Crawled caption data
+---+

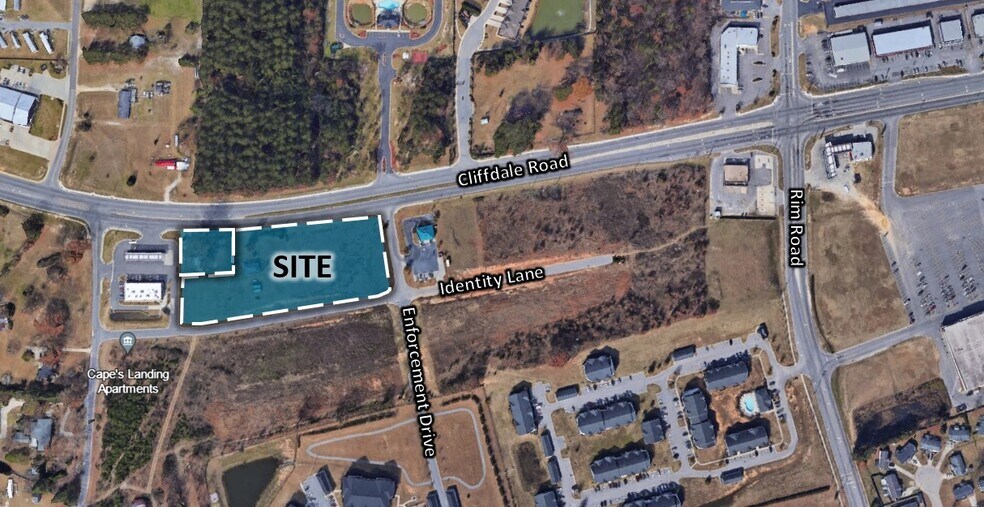8363 Cliffdale Rd, Fayetteville, NC for sale - Building Photo - Image 1 of 5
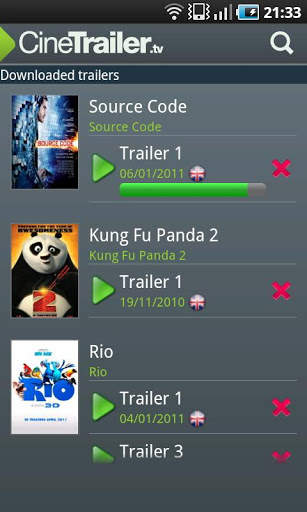 CineTrailer Cinema & Showtimes 7 تصوير الشاشة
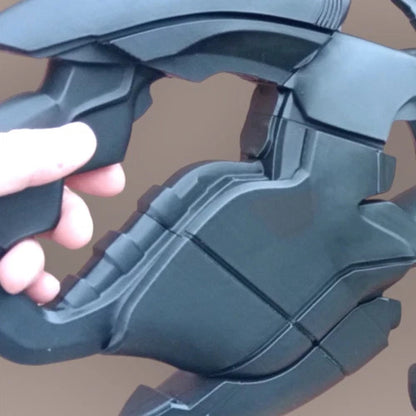 Geth Plasma SMG - Mass Effect 3d Printed Mass Effect Cosplay Prop 1:1 Scale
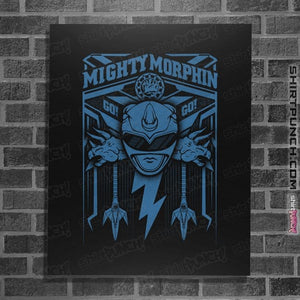 Shirts Posters / 4"x6" / Black Blue Ranger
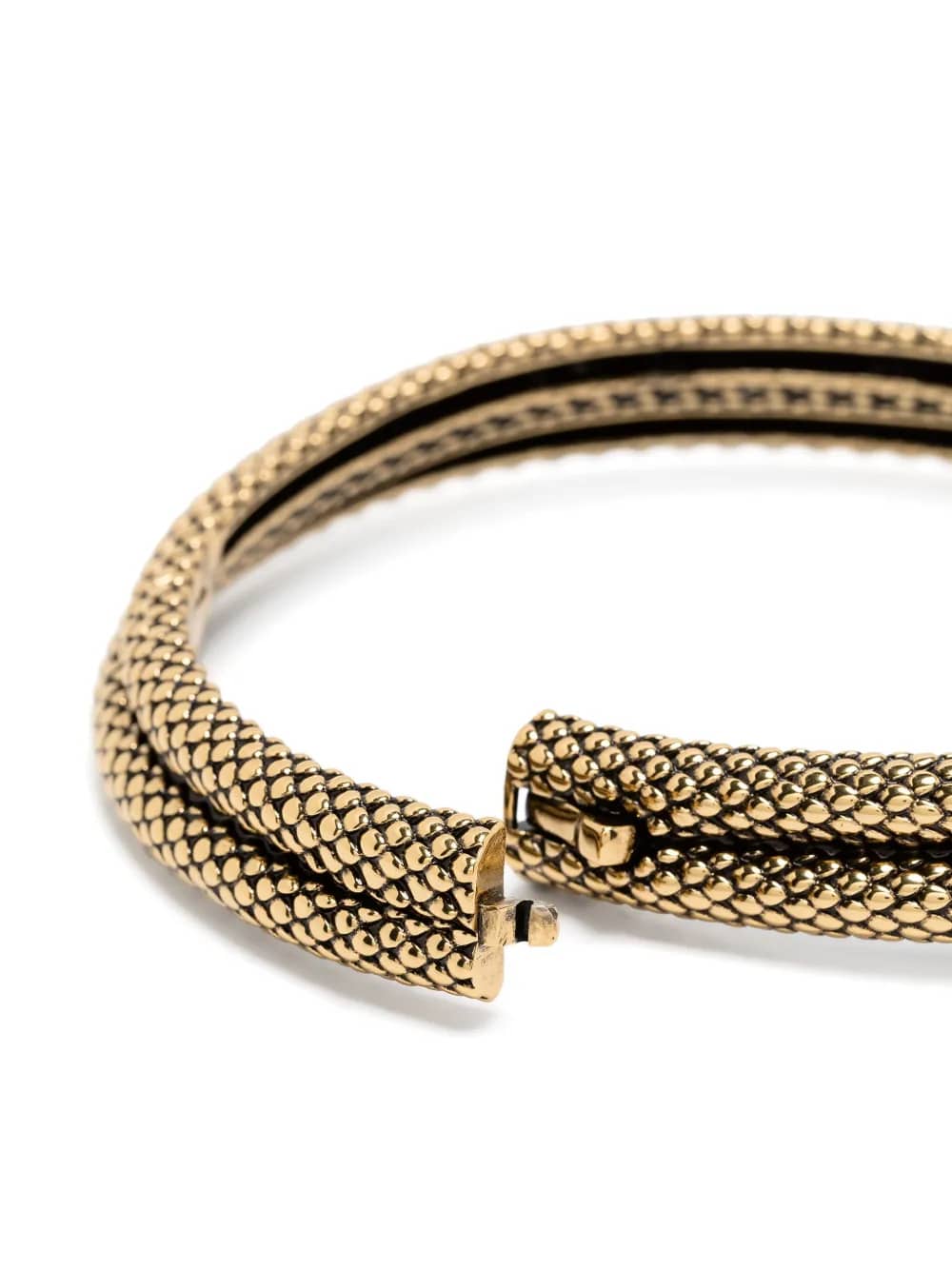 COLLANA SERPENTE DOPPIO GIRO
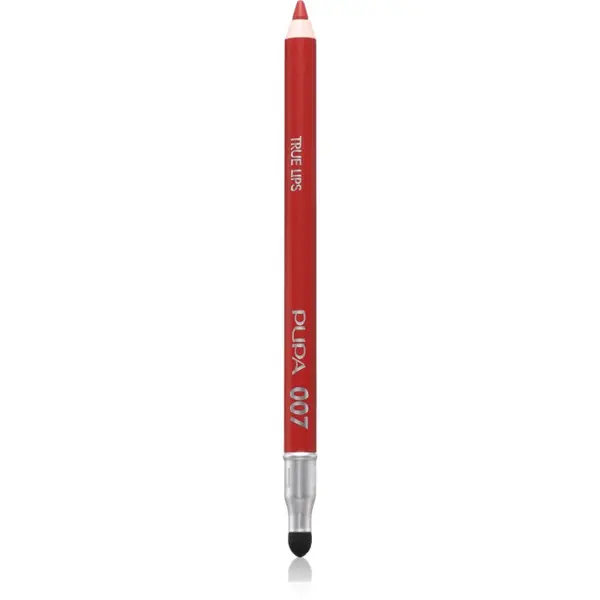 PUPA Milano PUPA Milano True Lips olovka za konturiranje usana nijansa 007 Shocking Red 1.2 g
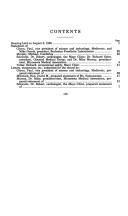 Cover of: FDA medical product approvals: hearing before the Subcommittee on National Economic Growth, Natural Resources, and Regulatory Affairs of the Committee on Government Reform and Oversight, House of Representatives, One Hundred Fourth Congress, first session, August 8, 1995.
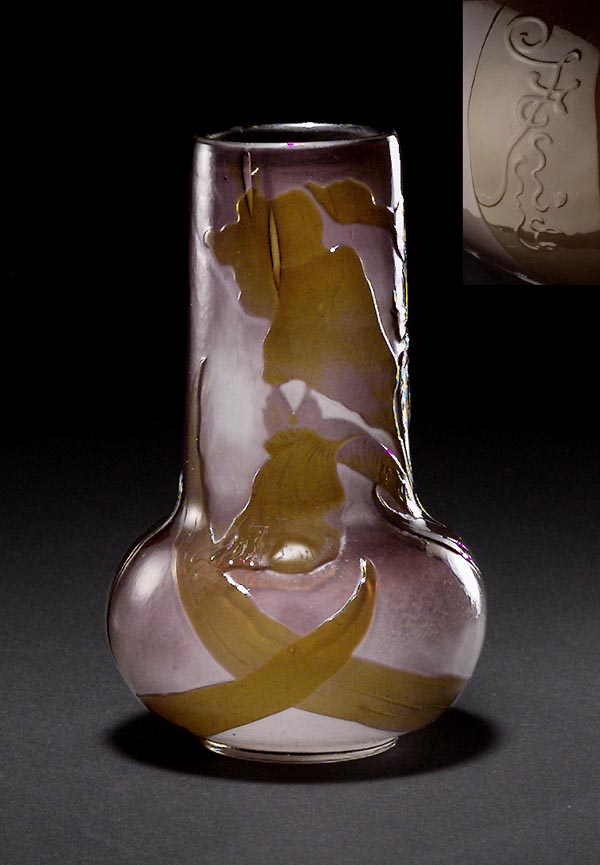 Jugendstil-Vase.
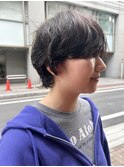 ショートパーマ　stylist &nbsp;nana 【千葉駅】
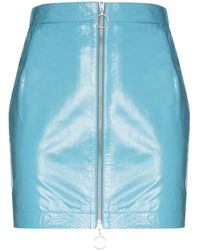 Remain - Lizzie Zipped Mini Skirt - Lyst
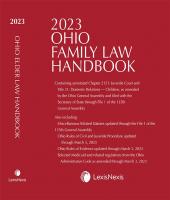 Ohio Family Law Handbook and Ohio Elder Law Handbook - A Companion to Ohio Family Law Handbook cover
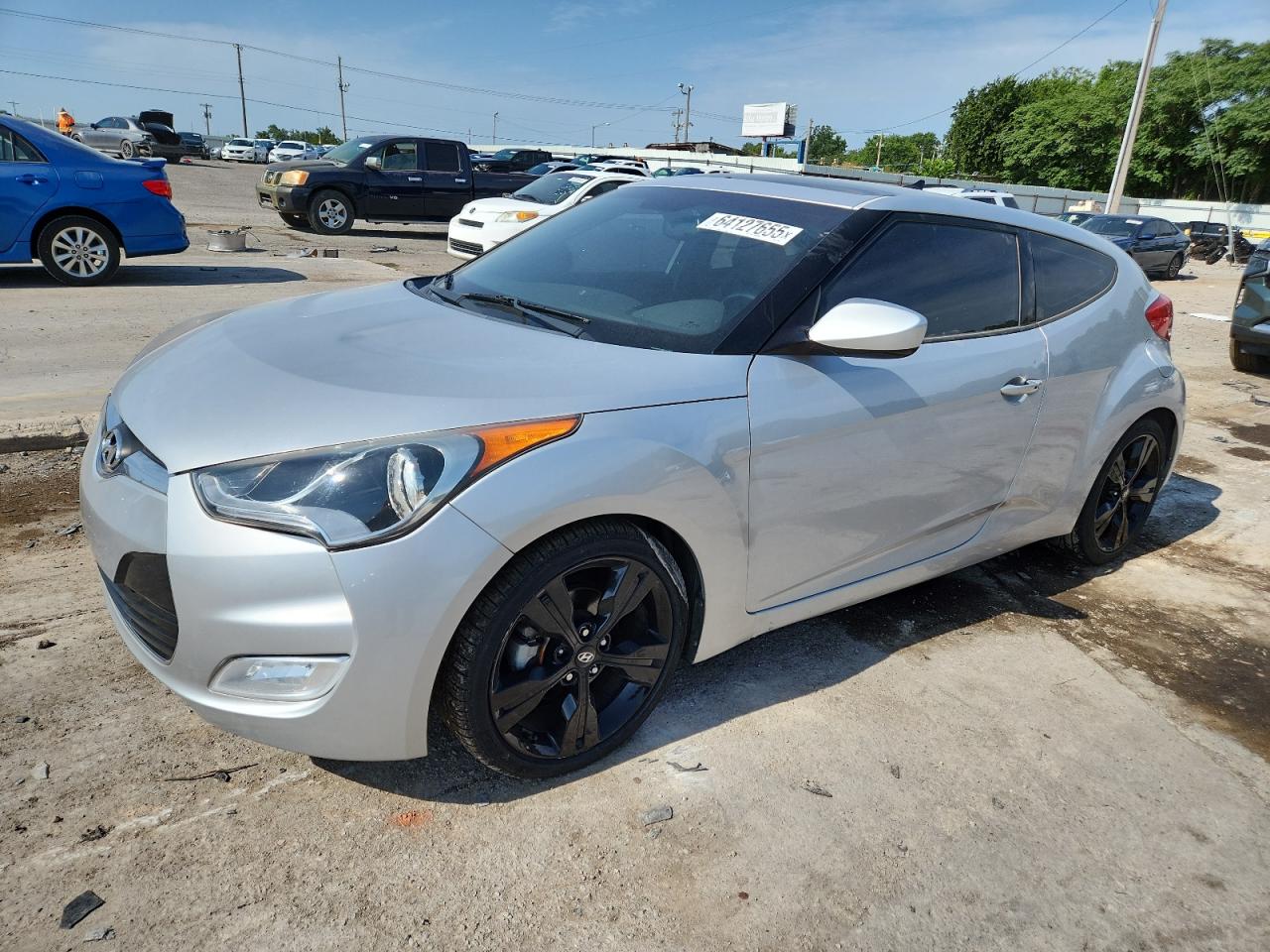 HYUNDAI VELOSTER   *KMHTC6AD1GU278008*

+---+

AIM OF THE EXERCISE: Your job is to transcribe the records exactly and in full. Pictures are not part of the copy.

RESPONSE TO THE EXERCISE:
8363 Cliffdale Rd, Fayetteville, NC for sale - Building Photo - Image 1 of 5
 CineTrailer Cinema & Showtimes 7 تصوير الشاشة
 Geth Plasma SMG - Mass Effect 3d Printed Mass Effect Cosplay Prop 1:1 Scale
 Shirts Posters / 4"x6" / Black Blue Ranger
 COLLANA SERPENTE DOPPIO GIRO
 PUPA Milano PUPA Milano True Lips olovka za konturiranje usana nijansa 007 Shocking Red 1.2 g
 Cover of: FDA medical product approvals: hearing before the Subcommittee on National Economic Growth, Natural Resources, and Regulatory Affairs of the Committee on Government Reform and Oversight, House of Representatives, One Hundred Fourth Congress, first session, August 8, 1995.
 Jugendstil-Vase.
 ショートパーマ　stylist &nbsp;nana 【千葉駅】
 Remain - Lizzie Zipped Mini Skirt - Lyst
 Ohio Family Law Handbook and Ohio Elder Law Handbook - A Companion to Ohio Family Law Handbook cover
 HYUNDAI VELOSTER   *KMHTC6AD1GU278008*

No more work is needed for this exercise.